Neubacher, an avid cyclist, says he’d love to see more employees on bikes. But the important thing, he says, is for the challenge to benefit employees’ health.

“That’s just good for business,” he said. “Plus, it’s fun. It’s what Colorado Springs is all about — the outdoors.”

The idea DID sound like fun. Yoga, hiking, walking, biking — plus the challenge of winning a competition and helping out a nonprofit.

So, the CSBJ jumped on board. The Business Journal staff will go head-to-head with the staff of the Colorado Springs Independent, our sister paper. Like the Navakai-Bryan matchup, we’ll start with the average number of steps taken during the month of April. From there, we haven’t decided yet. We’re talking about having a Yoga in the Park day for the summer months or a competition to see how many can drink eight glasses of water a day — the recommended amount. Maybe we’ll have some nutrition classes and group meditation courses.

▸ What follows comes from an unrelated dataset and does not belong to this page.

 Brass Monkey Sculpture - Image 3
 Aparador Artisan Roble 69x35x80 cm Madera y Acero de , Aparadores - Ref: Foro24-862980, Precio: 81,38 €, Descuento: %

We’re already doing a “Health Hunger Games” at the office. People participate in a monthly healthy event — like hiking, yoga or learning more about nutrition— and get their names put in a drawing for a prize. The more events you attend, the more times your name gets put in for the drawing. The challenge just ups the stakes for participating.

Maybe we’ll create a month of healthy habit changes: Packing a healthy lunch instead of grabbing fast food; walking to an appointment instead of driving; moving around a couple times a day instead of staring at a computer screen for more than eight hours at a time. Maybe we’ll do a planking challenge for a month to see who can reach their goal in 30 days. The possibilities are endless — and they all seem like fun, doable challenges that could make a difference in health care costs, in company morale and in productivity.

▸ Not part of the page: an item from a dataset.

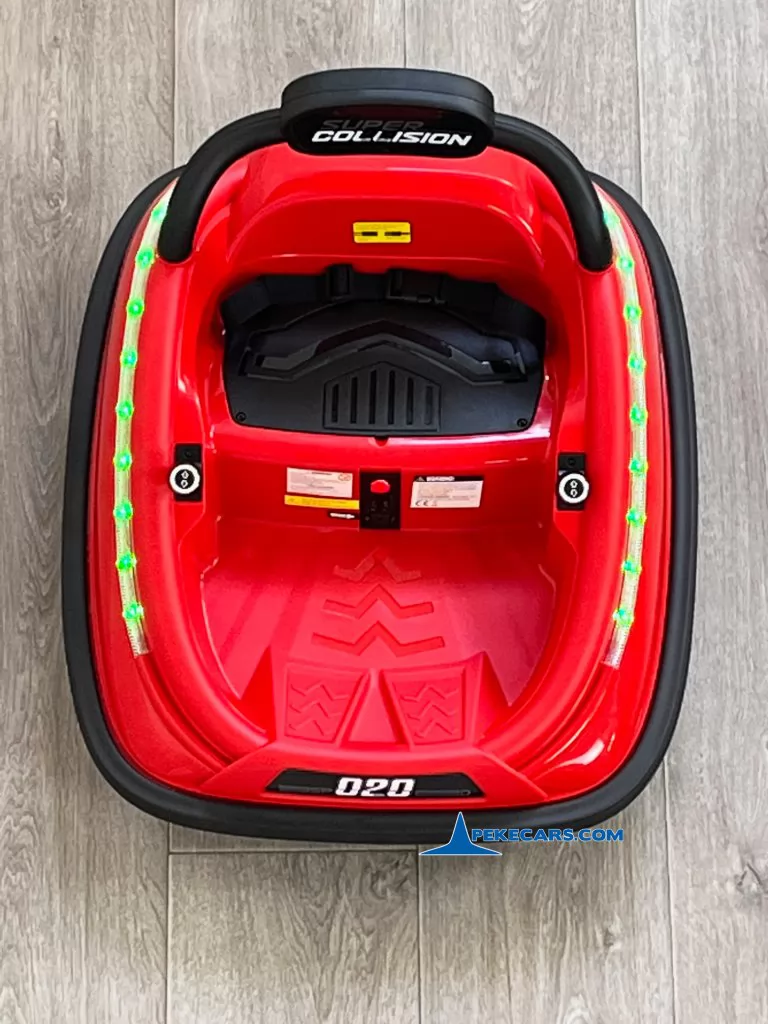 auto choque 12v sp20 rojo coche electrico niños vista arriba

We’re excited! We want to make the Colorado Publishing House a fun place to work — and we know that healthy employees are part of a productive staff.

The Navakai-Bryan challengers will provide monthly updates in the CSBJ. And Taylor and Neubacher are extending their challenge to other companies. Create your own challenge; pick a competitor and a nonprofit. Let’s create healthy workplaces in Colorado Springs, help nonprofits reach their goals and cut down on health care costs.

We’re Olympic City USA, after all. While we’re not all going to win a gold medal in the next Games, we can all benefit from a walk around the block, a hike in one of the city’s parks, a yoga class at the YMCA.

At the CSBJ, we’re ready to get moving. And we’re ready to see which nonprofit will get the Indy’s money!